▶ _Provided records_:

··········

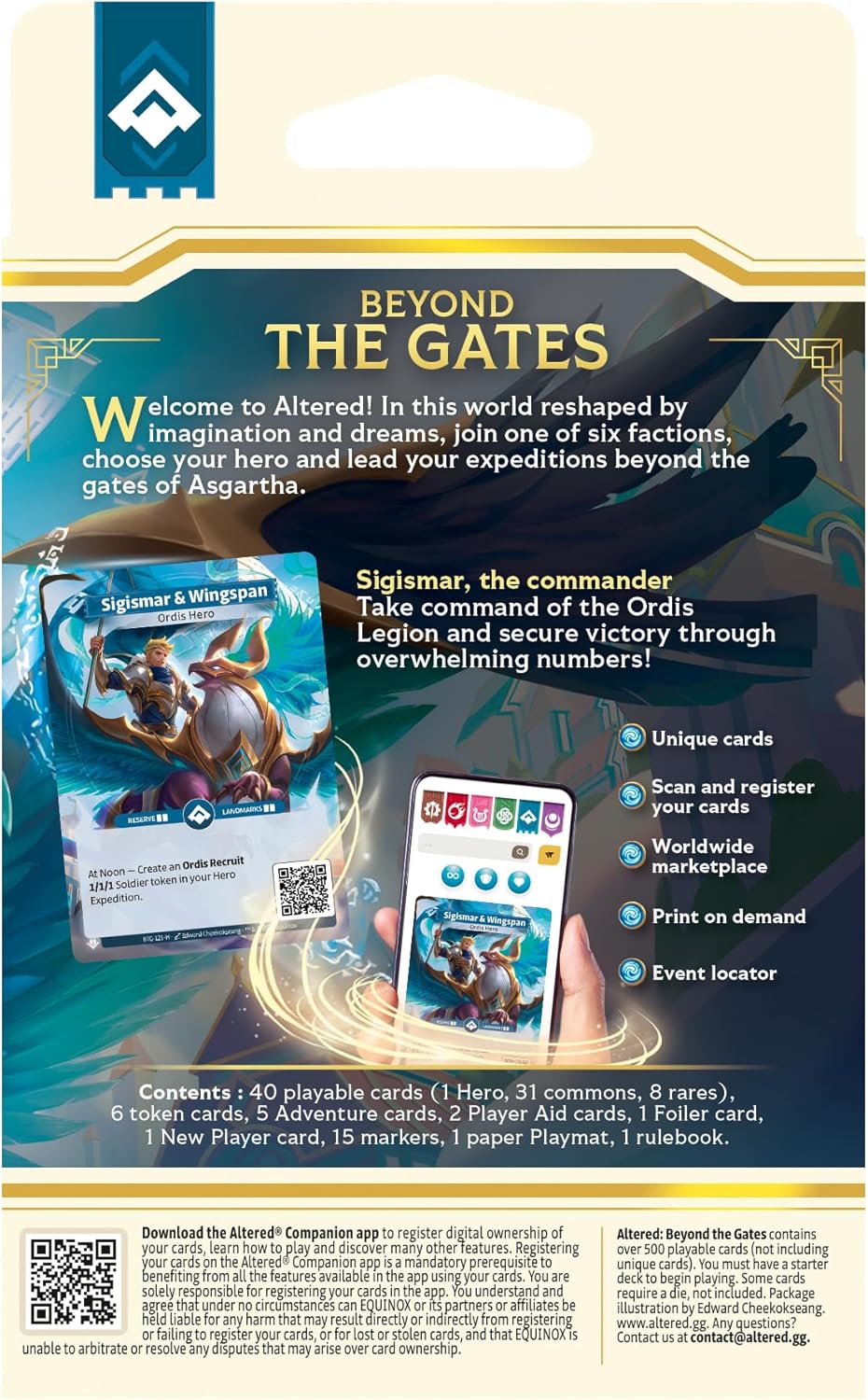 Equinox Altered Trading Card Game Ordis Starter Deck - Command the Ordis Legion! Strategy Game for Kids & Adults, Ages 13+, 2 Players, 10-40 Min Playtime, Made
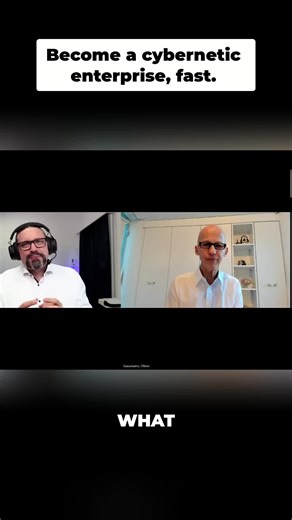 Cybernetic enterprises: Where humans and machines team up to steer companies faster and deliver non-stop value. #Cybernetics #AI #Innovation #FutureofWork #TechTrends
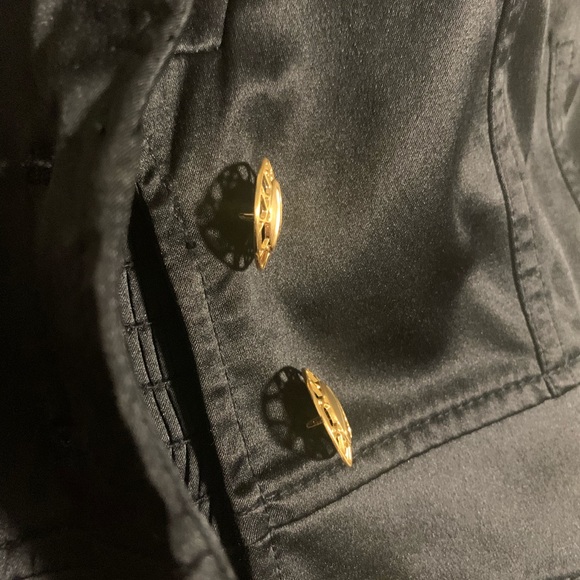 Black marciano top with gold hardware - Picture 6 of 8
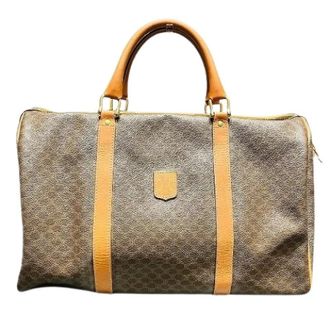Celine Pre-owned Weekend Bags, unisex, Brown, Size: ONE SIZE Pre-owned Macadam PVC Boston bag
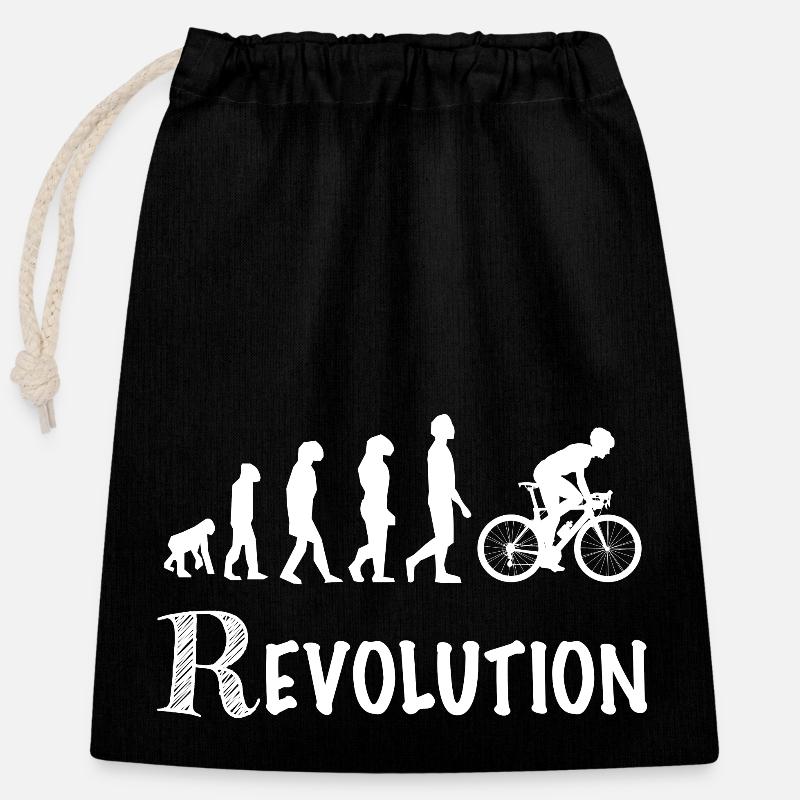 revolution cycle race bicycle - Closable cotton gift bag (25x30cm) - black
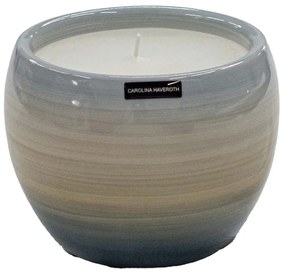 Vaso Vela Casca de Ovo decorativo em Cerâmica Carolina Haveroth – Borboleta Alto Brilho Kleiner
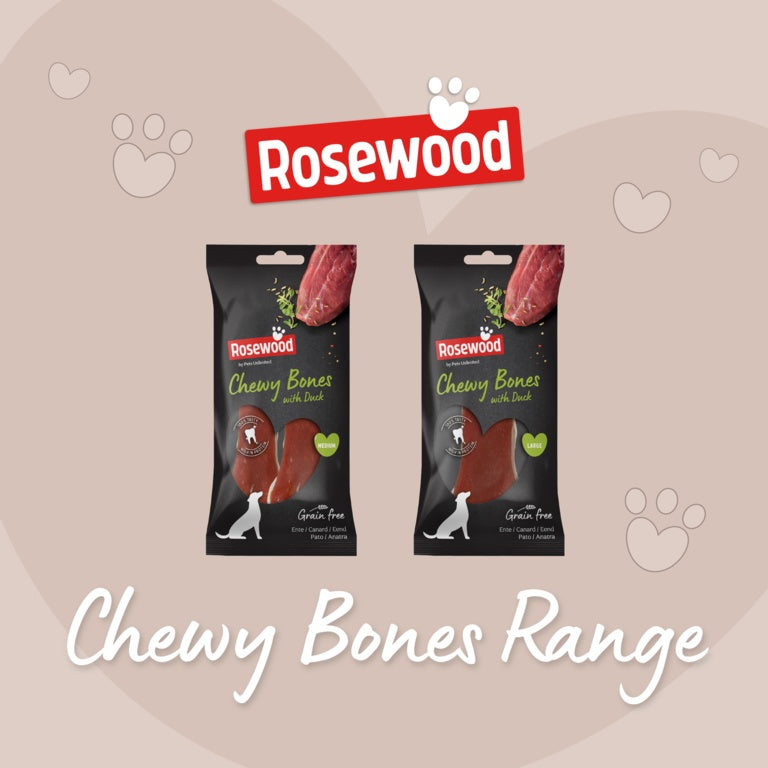 Rosewood Chewy Bones With Duck Medium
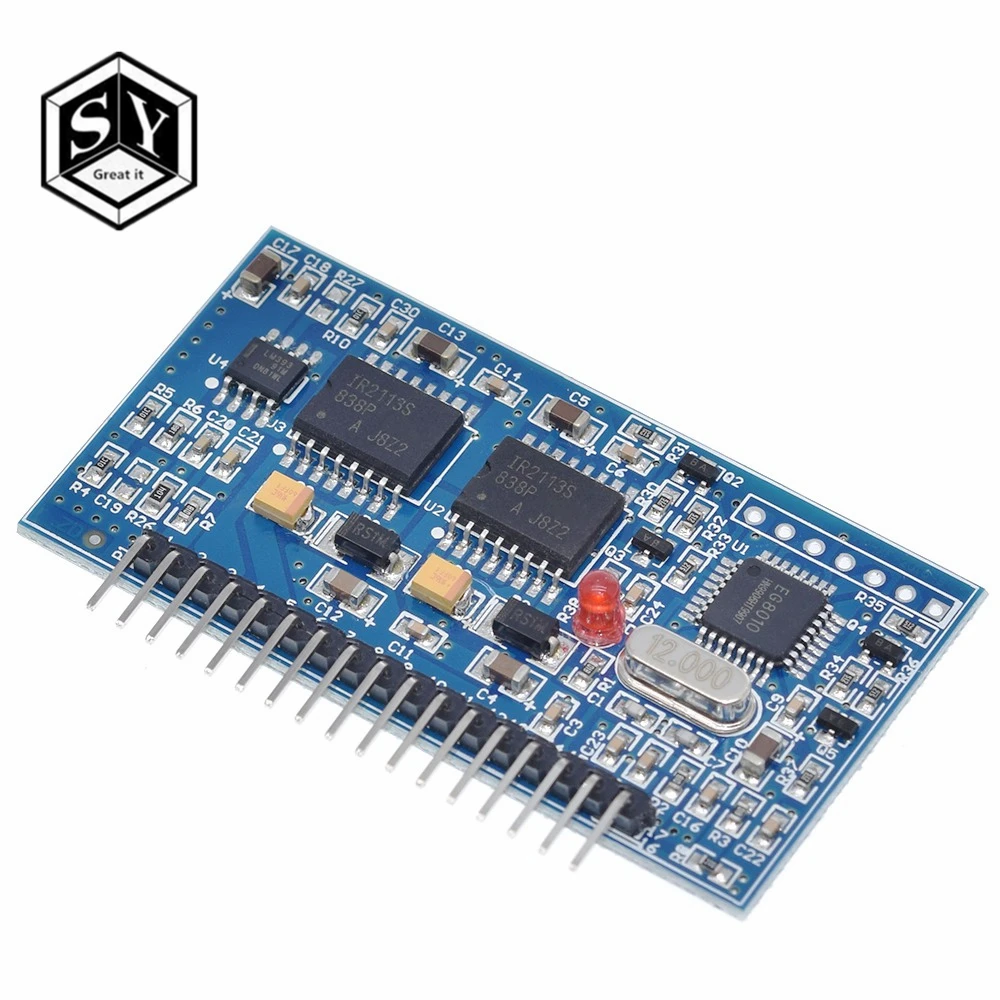 GREAT IT 5 в DC AC чистый синусоидальный инвертор SPWM плата драйвера EGS002 12 МГц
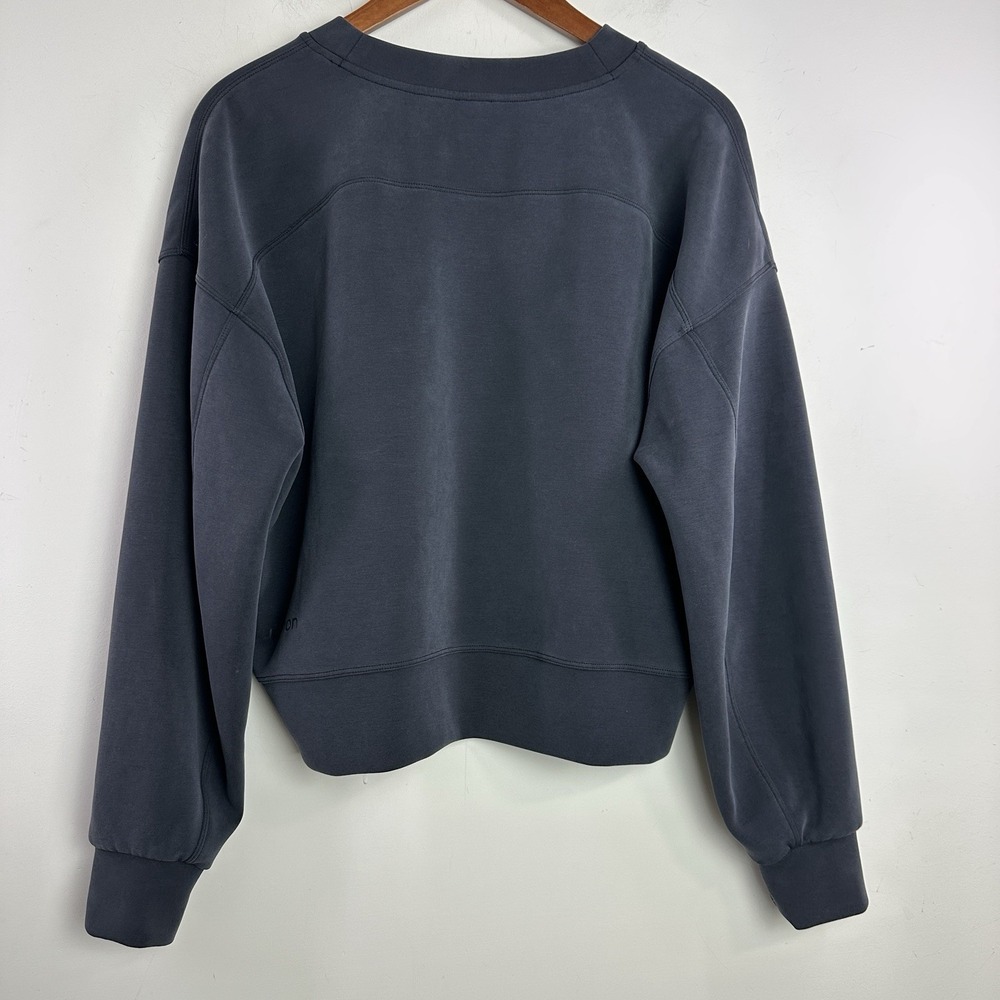 Lululemon Perfectly Oversized Cropped Crew Softstreme Women's 6 Dark Blue - Picture 3 of 7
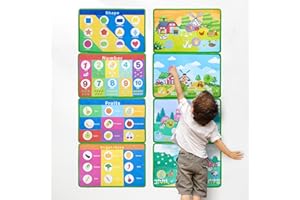 BEETOY Activity Wall Matching Game - Learning Activities Memory for Numbers, Fruit, Shapes, Vegetables, Montessori Sensory Wall Toy for Develop Fine Motor Skills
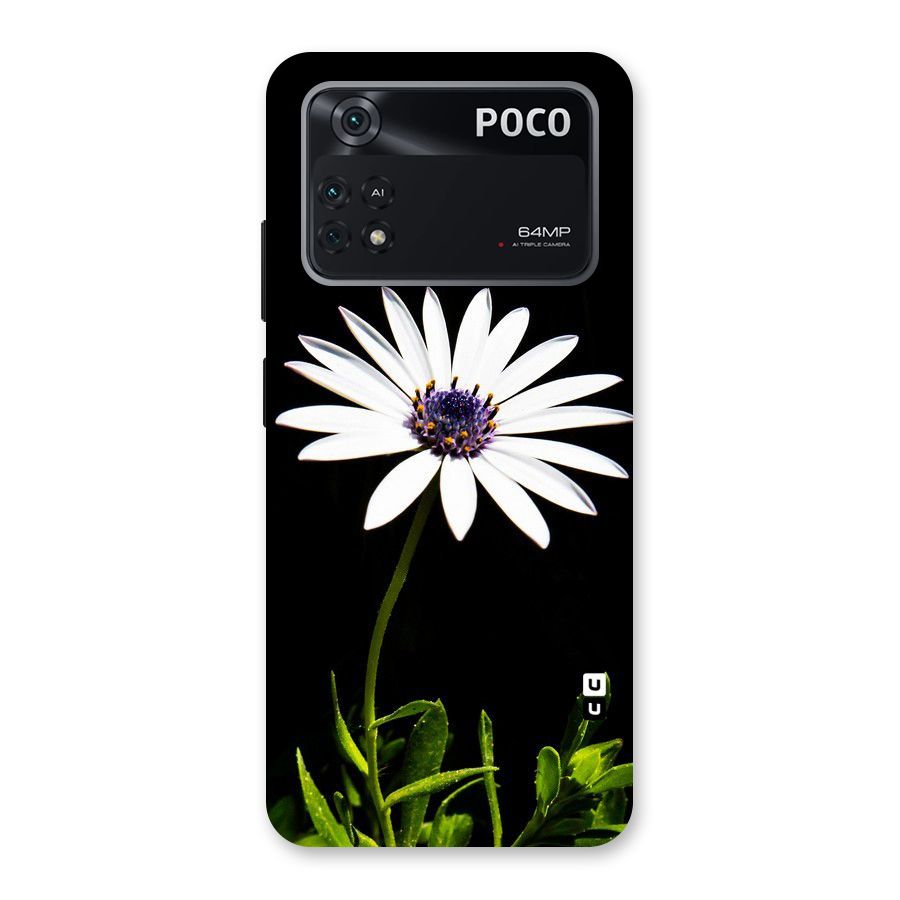 Flower White Spring Back Case for Poco M4 Pro 4G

··········

▶ _Exercise brief_: "Lululemon Perfectly Oversized" marks the first line to copy; copy that line and every line after it through the last line of the listing, exactly and without pictures.

▶ _Solution to the exercise_:
 Lululemon Perfectly Oversized Cropped Crew Softstreme Women's 6 Dark Blue - Picture 3 of 7
 BEETOY Activity Wall Matching Game - Learning Activities Memory for Numbers, Fruit, Shapes, Vegetables, Montessori Sensory Wall Toy for Develop Fine Motor Skills
 Flower White Spring Back Case for Poco M4 Pro 4G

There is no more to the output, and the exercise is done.